Cheftrainer Steffen Baumgart weist Livan Burcu zwar derbe zurecht, nimmt ihm aber seinen Wutanfall nicht übel.
Cheftrainer Steffen Baumgart weist Livan Burcu zwar derbe zurecht, nimmt ihm aber seinen Wutanfall nicht übel.Matthias Koch/IMAGO

Am Spielfeldrand kracht es. Livan Burcu, in der 75. Minute eingewechselt, ist unzufrieden. Mit sich, mit der Situation, mit seiner Rolle. Der Deutsch-Türke sucht das Gespräch, Baumgart kontert. Es wird laut. Es wird direkt. Es wird Baumgart.

Heftiger Streit nach der Hoffenheim-Pleite

Der Union-Trainer erklärt die Szene später offen – und mit derber Wortwahl: „Ab und zu ist es so, wenn zwei emotionale Menschen aufeinandertreffen. Wenn der eine 54 ist und der andere, um es mal deutlich zu sagen, noch nicht alle Haare am Sack hat, dann hoffe ich, dass er die Klappe hält. Das fällt ihm manchmal schwer.“ Rums!

Livan Burcu kam für den 1. FC Union Berlin bei der TSG Hoffenheim erst in der 75. Minute ins Spiel –und schob danach mächtig Frust.
Livan Burcu kam für den 1. FC Union Berlin bei der TSG Hoffenheim erst in der 75. Minute ins Spiel –und schob danach mächtig Frust.Matthias Koch/IMAGO

Ein Satz, der sitzt. Und einer, der passt. Baumgart verstellt sich nicht. Wie seine Worte klingen, ist ihm egal – entscheidend ist, dass sie ankommen.

Baumgarts derbe Worte gegen Burcu

Gleichzeitig tritt Baumgart auf die Bremse. Kein Nachtreten, kein Zerwürfnis. Im Gegenteil. Er versteht den Frust seines Spielers: „Trotzdem verstehe ich seinen Ärger nach einer 1:3-Niederlage. Das ist nichts Dramatisches.“

Klar ist: Burcu bringt eigentlich alles mit, was Baumgart mag: Selbstvertrauen, Ehrgeiz, Wut im Bauch.

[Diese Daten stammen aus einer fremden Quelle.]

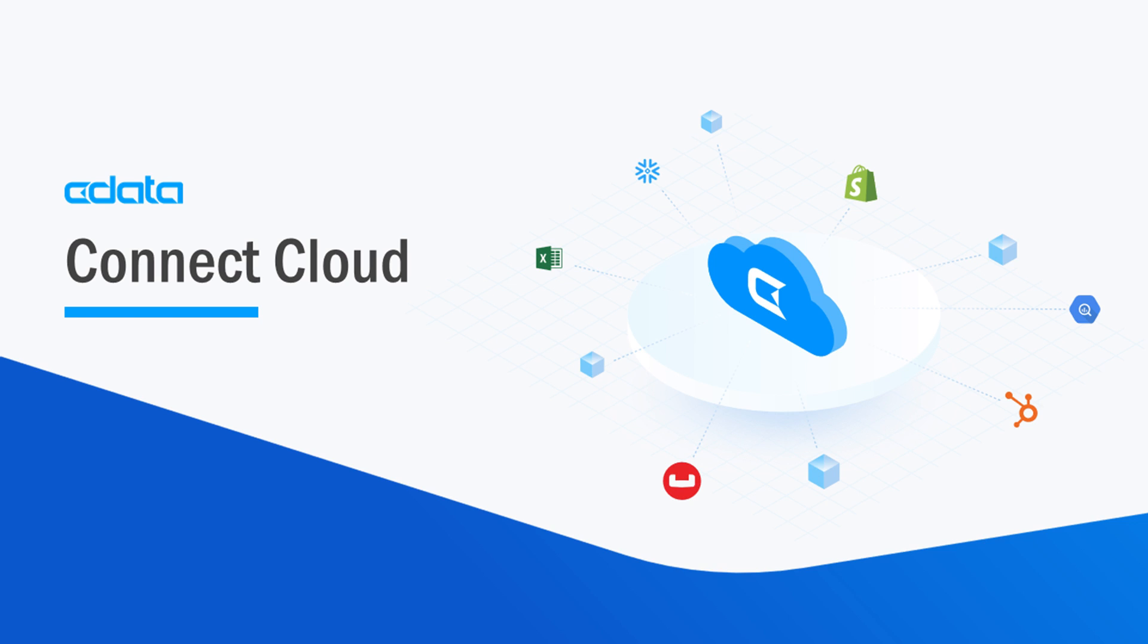CData Connect Cloud provides access to your Couchbase Capella data in Microsoft PowerApps. With Connect Cloud's Data Connectivity as a Service, you can easily work with your cloud data in your preferred cloud tools and applications.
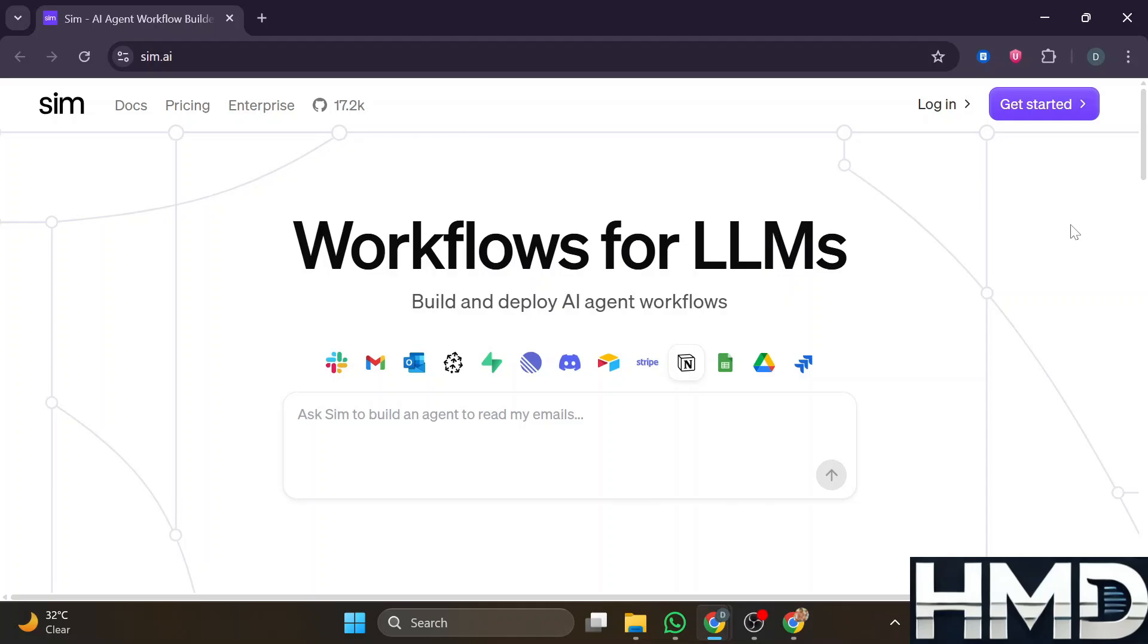In today's video, I'm going to show you SimAi, an honest review covering all you need to know. This is what SimAi is.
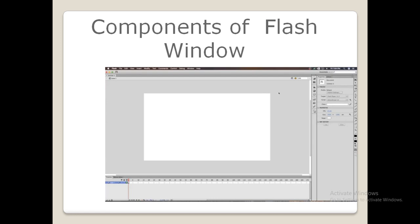Now coming to the components of the Flash window. First, we will see about the title bar. The title bar displays the name of the current file. The default name is Untitled1. As you can see in the picture, the default file name is Untitled1. You can change this name while saving the file.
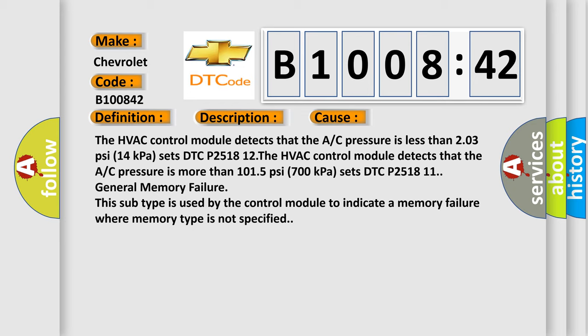General Memory Failure. This subtype is used by the control module to indicate a memory failure where memory type is not specified.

Emotionen kochen hoch – Trainer bremst später

Der Flügelstürmer sieht sich selbst als künftigen Nationalspieler, träumt von der Champions League. Bei Union kommt er nach seiner Verletzung aber nur unregelmäßig zum Zug. Beim 0:3 gegen den BVB in der 65. Minute, in Hoffenheim noch mal zehn Minuten später. Zu spät, aus seiner Sicht.

Doch genau da setzt Baumgart an. Emotion ist erlaubt, ja erwünscht – solange sie dem Team dient. „Ich finde es okay, dass wir Jungs haben, die ihre Emotionen zeigen und sie nicht hinter dem Berg halten“, sagt der Trainer. „Das finde ich eher positiv.“

Trotz Ärger: Baumgart macht Burcu Hoffnung

Baumgart lobt Burcu sogar ausdrücklich: „Ich freue mich, dass er reinkam und seine Leistung gebracht hat und klopfen möchte, dass er von Anfang an spielt.“

Ob Burcu im nächsten Spiel eine neue (längere) Chance bekommt, wird sich schon bald zeigen. Bereits am Freitag (20.30 Uhr, Sky) duellieren sich die Eisernen in Köpenick mit Eintracht Frankfurt.